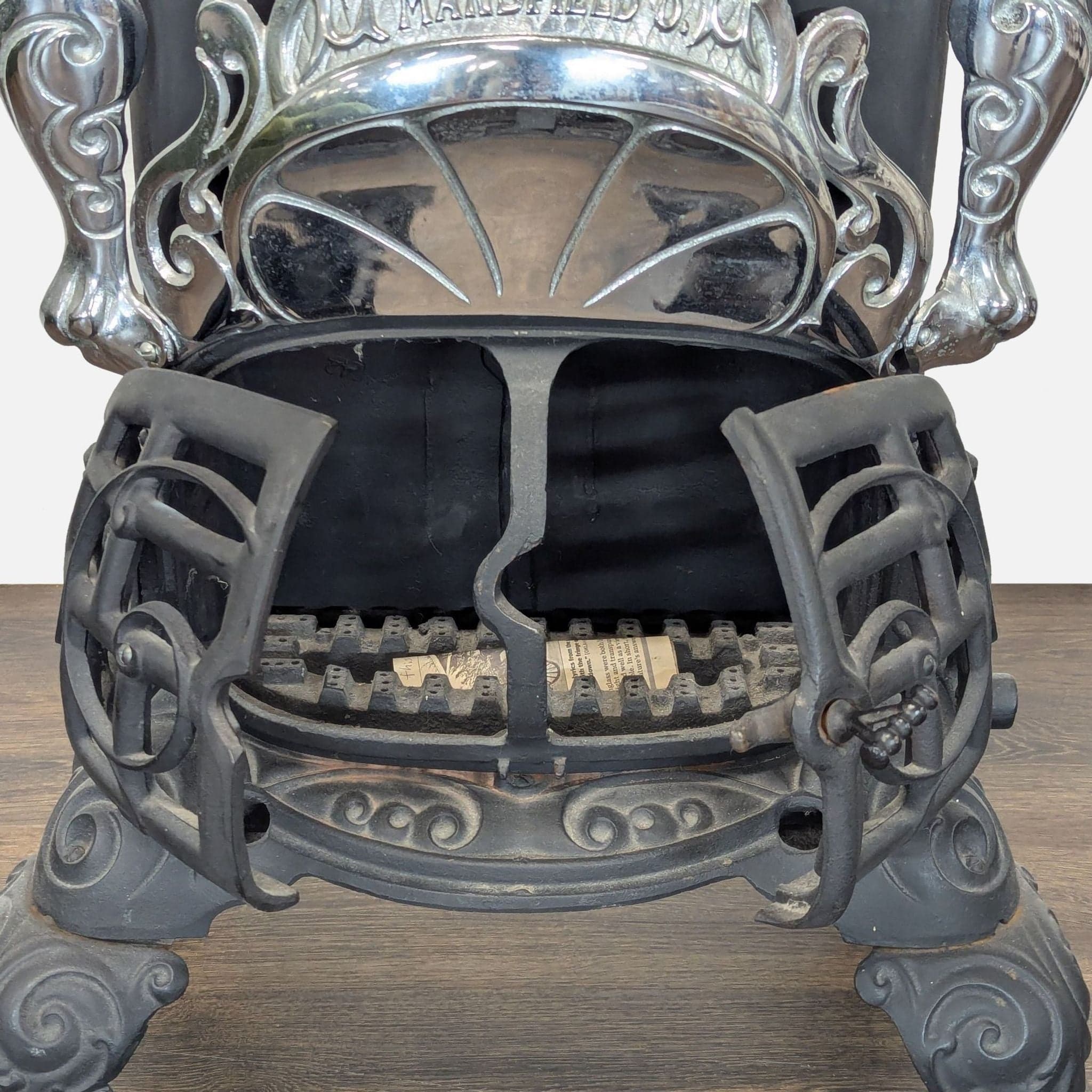 Vintage Iron Parlor Stove with Ornate Details - Thumbnail 7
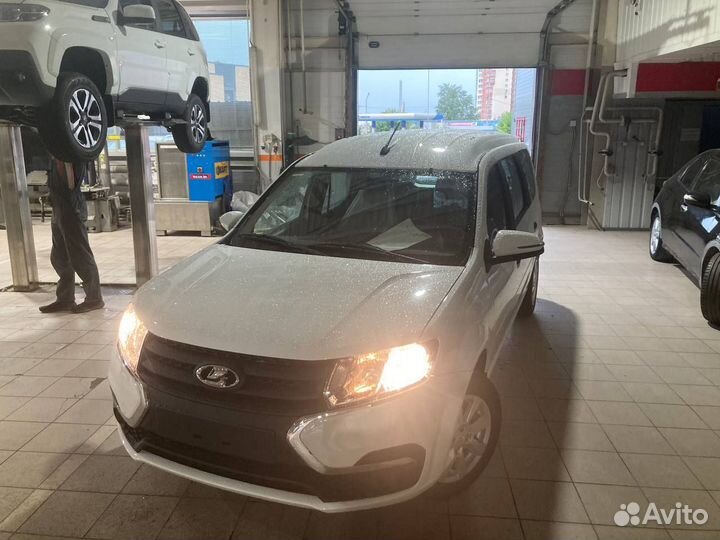 LADA Largus 1.6 МТ, 2024
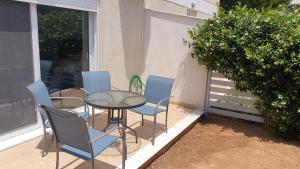 stół i krzesła na patio w obiekcie Eretria Apartments FM14 w Erétrii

§ WHAT THE TASK REQUIRES: Write the material out again exactly. Do not include the pictures.

§ EXERCISE OUTPUT:
 Vintage Iron Parlor Stove with Ornate Details - Thumbnail 7
 LADA Largus 1.6 МТ, 2024
 stół i krzesła na patio w obiekcie Eretria Apartments FM14 w Erétrii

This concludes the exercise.